_Task description:_ The expected output is an exact copy of each line from the line with "Woman wearing a" through the end of the data below, with no pictures in it.

_Supplied data:_

● ● ● ●

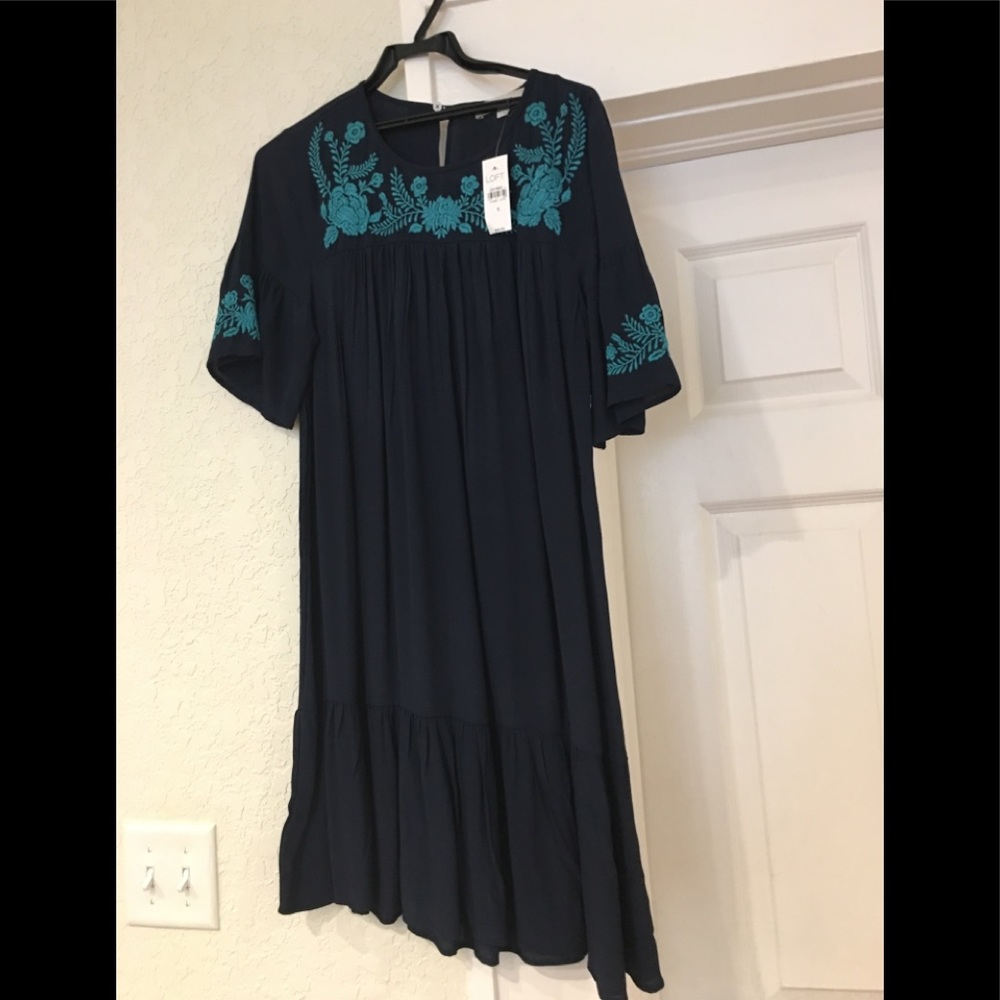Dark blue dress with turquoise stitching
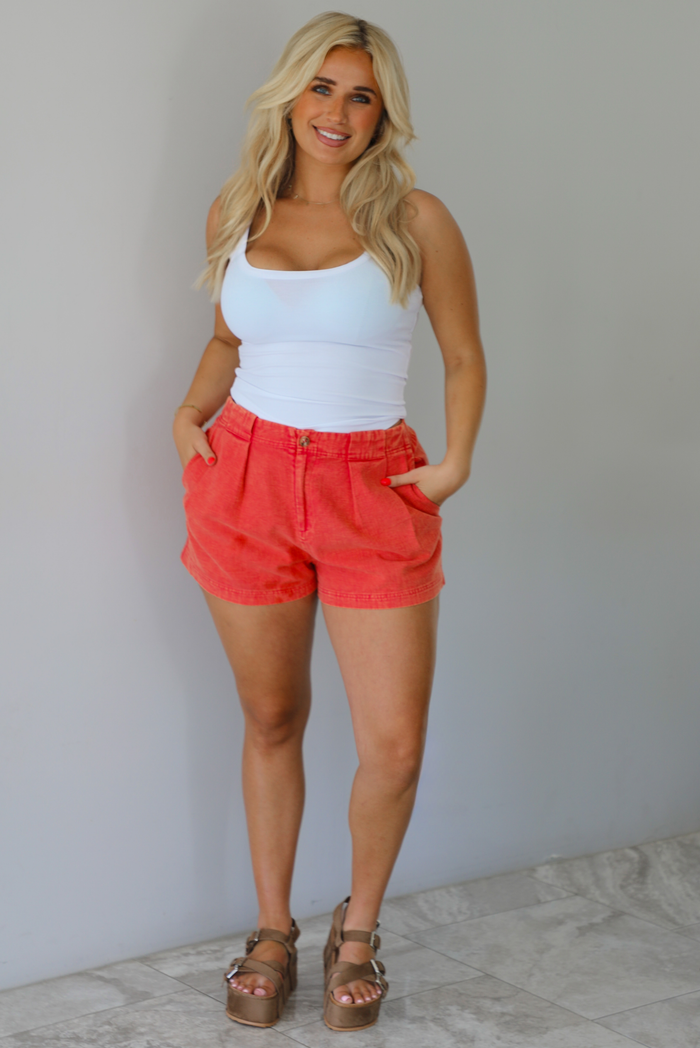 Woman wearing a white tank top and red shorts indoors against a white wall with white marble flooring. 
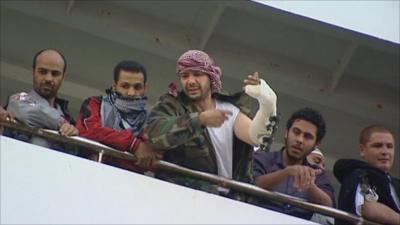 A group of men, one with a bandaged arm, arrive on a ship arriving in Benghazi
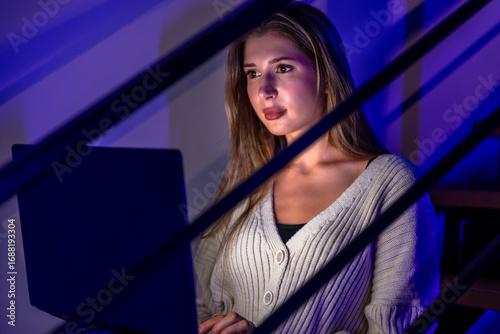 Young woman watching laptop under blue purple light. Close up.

● ● ● ●

_Exercise result:_
 Woman wearing a white tank top and red shorts indoors against a white wall with white marble flooring. 
 A group of men, one with a bandaged arm, arrive on a ship arriving in Benghazi
 Young woman watching laptop under blue purple light. Close up.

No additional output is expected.